Everything you've written in this thread
to date points to your novice state of
mind, if not your actual amateur status.
I wasn't finding fault with you for that,
but YOU'VE chosen to make it an issue
and I therefore have to assume that I
hit a sensitive chord.
And I don't use a "band saw" for cutting
up 4X8 panels. Nor do I know anyone OTHER
than an uninformed novice who would even
suggest using a bandsaw for that purpose!!!
I am listening and seeking information from people with experience and
knowledge, but you're criticizing me for that by saying I 'm asking too
many questions, so you're contracting yourself.
And I have to ask a lot of questions partly because the truth is hard to
get at. There have been dozens of pieces of contradictory advice in this
thread alone. For example, a big deal was made about tempering, but now
Barbara said she read that tempering may no longer be an issue for
artists to be concerned about.
What's wrong with questions that seem to be those of a novice?
>YOUR assumption that I am encouraging phobia is quite illogical, which makes
you a hypocrite.<
Unlike you, I don't pretend to understand logic. But I think that your
statement is what is called a non sequitur.
Dik
>This may have been discussed in this thread (I haven't read all the posts)
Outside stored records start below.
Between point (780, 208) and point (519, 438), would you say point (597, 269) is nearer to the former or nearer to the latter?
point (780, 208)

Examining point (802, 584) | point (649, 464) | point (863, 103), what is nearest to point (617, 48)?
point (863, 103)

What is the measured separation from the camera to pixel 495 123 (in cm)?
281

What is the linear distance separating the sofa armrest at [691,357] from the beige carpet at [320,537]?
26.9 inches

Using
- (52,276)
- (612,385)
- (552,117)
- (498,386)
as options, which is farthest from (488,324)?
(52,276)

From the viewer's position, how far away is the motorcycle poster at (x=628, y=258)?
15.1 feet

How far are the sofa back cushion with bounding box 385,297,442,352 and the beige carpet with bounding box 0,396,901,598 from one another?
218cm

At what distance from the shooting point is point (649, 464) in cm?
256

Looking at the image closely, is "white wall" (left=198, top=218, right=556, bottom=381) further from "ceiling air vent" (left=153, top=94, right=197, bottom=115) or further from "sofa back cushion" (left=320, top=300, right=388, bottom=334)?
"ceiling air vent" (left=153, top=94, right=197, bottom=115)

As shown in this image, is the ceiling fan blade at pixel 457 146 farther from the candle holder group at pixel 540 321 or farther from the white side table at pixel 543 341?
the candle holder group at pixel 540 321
what is the objection to using an acrylic ground (for canvas or wood) and
waiting an hour for it to dry (or less), then painting in oil as usual? I've
done this many times and see no difference in the finished work.<
There is nothing wrong with acrylic gesso. It is because acrylic gesso is so
convenient that traditional homemade gesso is almost obsolete today. The change
is understandable. Sadly, because of this change, making traditional gesso
according to the more obscure recipes has become a bit of a lost art.
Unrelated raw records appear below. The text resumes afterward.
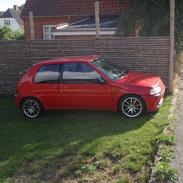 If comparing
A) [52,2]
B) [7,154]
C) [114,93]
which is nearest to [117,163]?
[7,154]

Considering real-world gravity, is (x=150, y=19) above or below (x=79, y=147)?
above

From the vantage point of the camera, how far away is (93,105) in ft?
34.6

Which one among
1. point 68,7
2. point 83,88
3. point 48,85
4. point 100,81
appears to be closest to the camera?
point 100,81

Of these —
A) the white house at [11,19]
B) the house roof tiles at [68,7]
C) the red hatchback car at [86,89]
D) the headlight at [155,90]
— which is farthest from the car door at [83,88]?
the white house at [11,19]

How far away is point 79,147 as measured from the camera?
845 centimetres

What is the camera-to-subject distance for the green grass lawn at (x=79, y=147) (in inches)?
286

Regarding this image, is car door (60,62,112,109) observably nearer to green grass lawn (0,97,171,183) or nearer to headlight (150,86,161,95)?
green grass lawn (0,97,171,183)

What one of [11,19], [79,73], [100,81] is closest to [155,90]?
[100,81]

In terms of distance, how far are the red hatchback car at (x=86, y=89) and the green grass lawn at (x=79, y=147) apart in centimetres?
31

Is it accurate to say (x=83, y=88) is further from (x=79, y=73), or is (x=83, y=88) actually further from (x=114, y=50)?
(x=114, y=50)

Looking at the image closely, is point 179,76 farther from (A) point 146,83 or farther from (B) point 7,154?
(B) point 7,154

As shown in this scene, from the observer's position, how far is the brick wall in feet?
41.3

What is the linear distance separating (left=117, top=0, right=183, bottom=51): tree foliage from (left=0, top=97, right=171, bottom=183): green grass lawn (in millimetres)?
5097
The difference between the two gessoes isn't which is better. Rather, it is a
matter of how these grounds FEEL differently.
Traditional gesso, if made correctly, is the Rolls-Royce of grounds. It has a
silky smooth texture yet gives the brush a certain "bite"; and it absorbs
paints very differently from acrylic gesso. It is also more suited for glazing,
as the paints tend to dry flat on this ground. These qualities might not be for
you, and even if they are, might not worth your trouble.
By the way, for panel (wood) you needn't an oil emulsion ground. Just a basic
traditional gesso will do. And for that you needn't wait two months. Just a day
will suffice. I would recommend that if you are to use gesso on panels. For
every quart of cold gesso mix into it one egg yolk - that's unborn chicken yolk
for you animal right-to-lifers in this board.